Aptar’s Unidose is a single-use, ready-to-use, one-step nasal delivery system used to administer neffy to a patient during a severe allergic reaction. During such an event, the patient, healthcare professional, caregiver or user presses a small plunger on the bottom of the nasal spray system to release the drug in a single spray into the nostril.
Stephan B. Tanda, Aptar President and CEO, stated, “Aptar has been a leader in nasal delivery of medication for more than 30 years. We are proud of our role in the pharma industry to increase the use of nasally delivered medications that help promote adherence and ease of use for patients.”
Unidose (UDS) and Bidose (BDS) Technology Platforms
Aptar’s UDS and BDS technology platforms are designed to be robust, reliable and intuitive systems for easy administration by patients or caretakers. These drug delivery systems are designed and manufactured with strict quality controls intended to meet FDA’s guidelines for reliability. They offer biotech and pharmaceutical companies effective and reliable single or two-shot intranasal delivery for a variety of medicines including for emergency use and treatments of severe conditions. They can also be integrated with wireless connectivity technologies.
Accelerated Development Support via Aptar Pharma Services
This novel treatment for severe allergic reaction is an example of a Combination Product submission, and benefited from Aptar Pharma’s Services offering, a comprehensive portfolio of stage-specific development packages.
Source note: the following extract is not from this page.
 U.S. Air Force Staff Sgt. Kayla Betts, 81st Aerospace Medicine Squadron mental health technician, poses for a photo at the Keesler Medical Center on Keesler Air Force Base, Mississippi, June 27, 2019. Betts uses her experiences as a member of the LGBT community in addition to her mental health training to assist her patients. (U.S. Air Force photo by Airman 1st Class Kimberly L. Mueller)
Aptar’s dedicated Regulatory Affairs experts and analytical scientists help customers proactively address regulatory needs to help accelerate approval.
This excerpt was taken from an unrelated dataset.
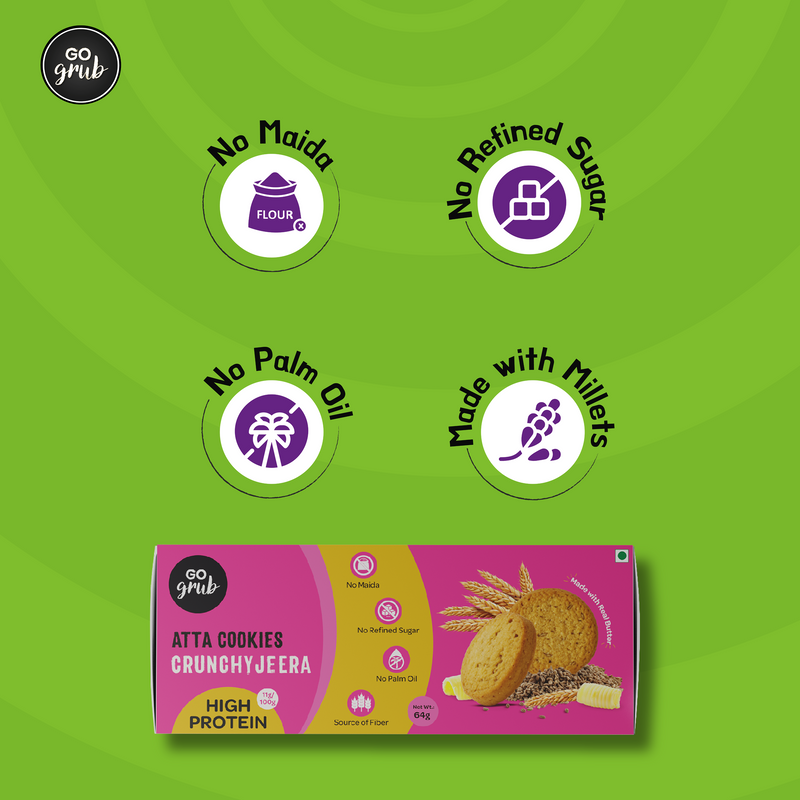 Atta Jeera Cookies - Whole Wheat Cumin Cookies | No White Flour, High-Protein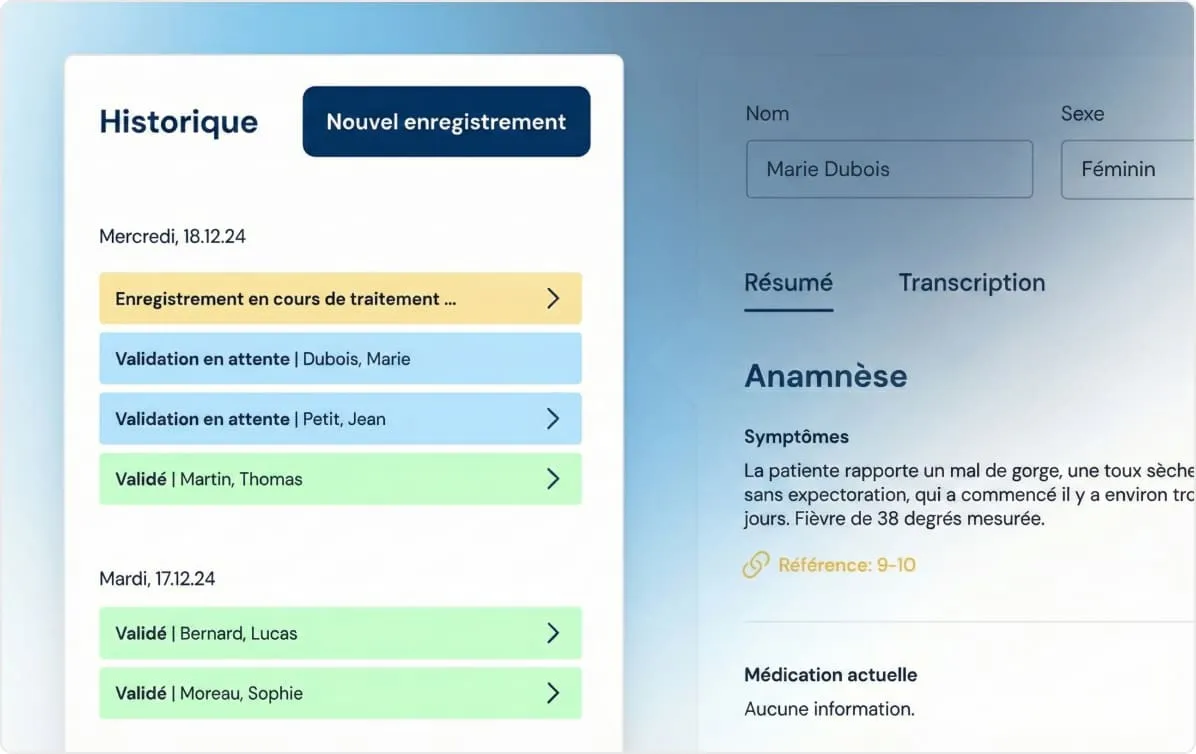 Fonctionnalité avec aperçu de l'historique des entretiens avec les patients.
“The approval of neffy, which usesour Unidose System, and is the first nasally-delivered epinephrine treatment for severe allergic reaction, including anaphylaxis, once again demonstrates Aptar Pharma’s ‘formulation to patient’ focus on helping our customers develop complex, innovative treatments,” stated Gael Touya, President, Aptar Pharma. “When we combine our nasal systems’ capabilities with our Aptar Pharma Services offering, we bring added value to our customers, and aim to provide further convenience for patients and their caregivers worldwide.”